« Azathoth » par H. P. Lovecraft

Lorsque l’âge est tombé sur le monde, et que l’émerveillement a disparu de l’esprit des hommes ; lorsque les villes grises ont élevé vers des cieux enfumés de grandes tours sinistres et laides, à l’ombre desquelles nul ne pouvait rêver du soleil ou des prairies fleuries du printemps ; quand l’apprentissage dépouillait la terre de son manteau de beauté, et que les poètes ne chantaient plus que des fantômes tordus vus avec des yeux mornes et repliés sur eux-mêmes ; quand ces choses étaient arrivées, et que les espoirs enfantins s’étaient envolés pour toujours, il y avait un homme qui voyageait hors de la vie en quête des espaces où les rêves du monde s’étaient enfuis.
 Sur le nom et la demeure de cet homme, on n’a que peu écrit, car ils étaient du monde éveillé seulement ; cependant on dit que tous deux étaient obscurs.
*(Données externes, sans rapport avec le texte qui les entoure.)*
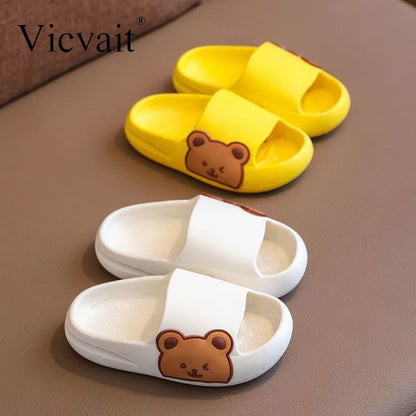 Bear Design Boys Non-Slip Soft Sole Slippers - Cute Slides - ZOOMNSTORE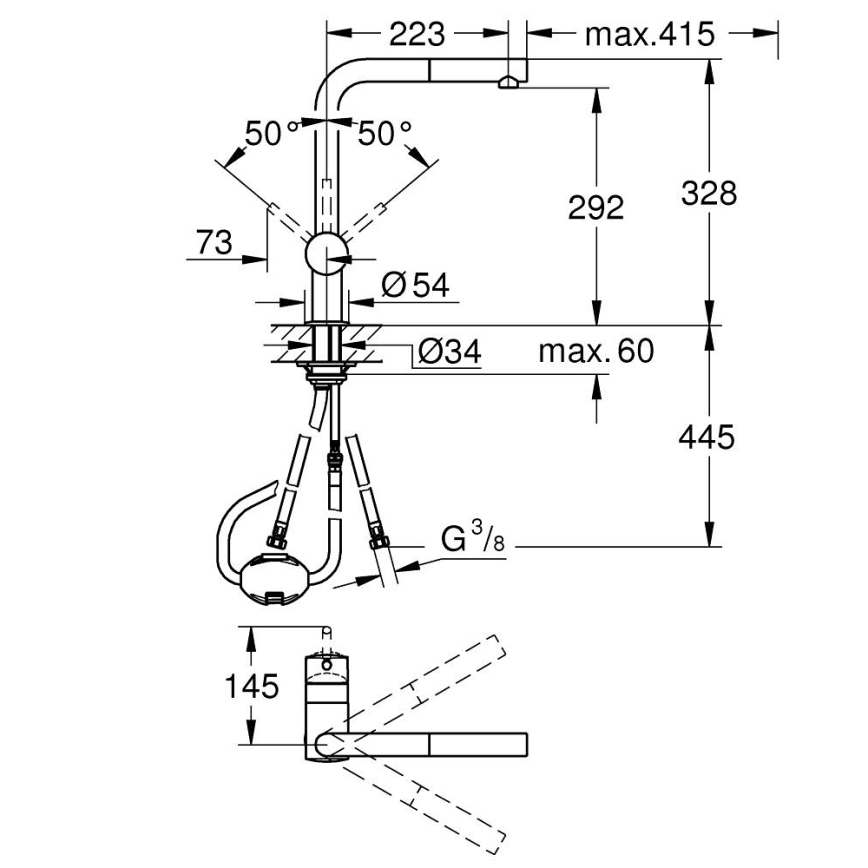 GROHE 32168DC0 - Drezová batéria A nerezová oceľ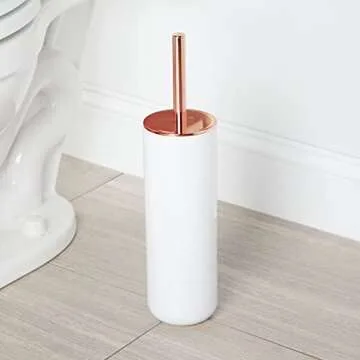 mDesign Compact Freestanding Plastic Toilet Bowl Brush and Holder for Bathroom Storage - Plastic and Stainless Steel - Sturdy, Deep Cleaning - White/Rose Gold
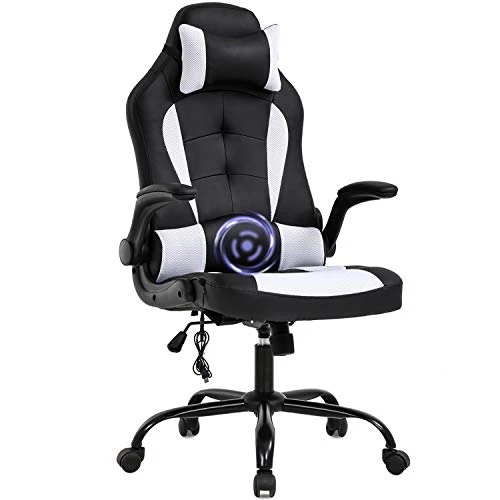 Massage Gaming Chair with Lumbar Support and Headrest — Smart Chairs, BestOffice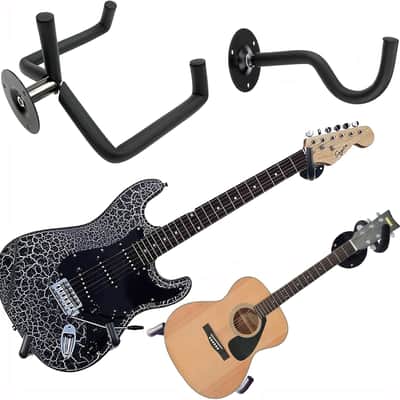 Guitar Wall Mount Acoustic Electric Classical Guitar, Ukulele, Banjo and Mandolin Wall Hanger Slat Wall Horizontal Guitar Holder Bass Stand Rack Hook (1 Pack)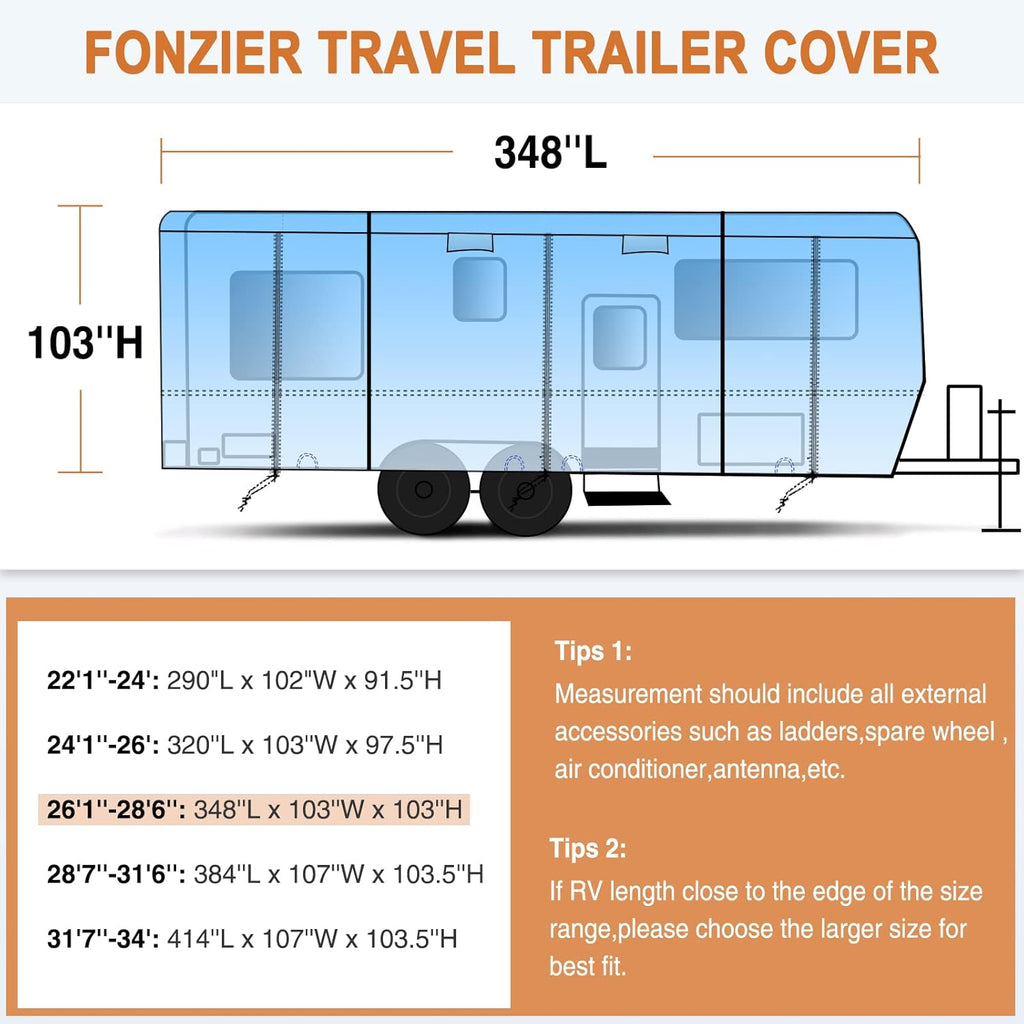 Heavy Duty 5 Layers Anti-UV Travel Trailer Cover 31'1 - 34' Z971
Il suffit de savoir qu’il habitait une ville aux hautes murailles où régnait un crépuscule stérile, et qu’il travaillait tout le jour parmi l’ombre et le tumulte, rentrant le soir dans une chambre dont l’unique fenêtre s’ouvrait non pas sur les champs et les bosquets, mais sur une cour sombre où d’autres fenêtres regardaient avec un désespoir morne. De ce battant, on ne voyait que des murs et des fenêtres, sauf parfois quand on se penchait loin et qu’on regardait les petites étoiles qui passaient. Et comme les murs et les fenêtres ont tôt fait de rendre fou un homme qui rêve et lit beaucoup, l’habitant de cette pièce avait l’habitude, nuit après nuit, de se pencher à l’extérieur et de regarder en l’air pour entrevoir quelque fragment de choses au-delà du monde éveillé et de la grisaille de toutes les villes. Après des années, il commença à appeler les étoiles qui naviguent lentement par leur nom, et à les suivre par la fantaisie lorsqu’elles glissent à regret hors de vue, jusqu’à ce que sa vision s’ouvre à de nombreuses perspectives secrètes dont aucun œil commun ne soupçonne l’existence. Et une nuit, un puissant fossé fut comblé, et les cieux hantés par les rêves se gonflèrent jusqu’à la fenêtre de l’observateur solitaire pour se fondre dans l’air étroit de sa chambre et faire de lui une partie de leur fabuleux prodige.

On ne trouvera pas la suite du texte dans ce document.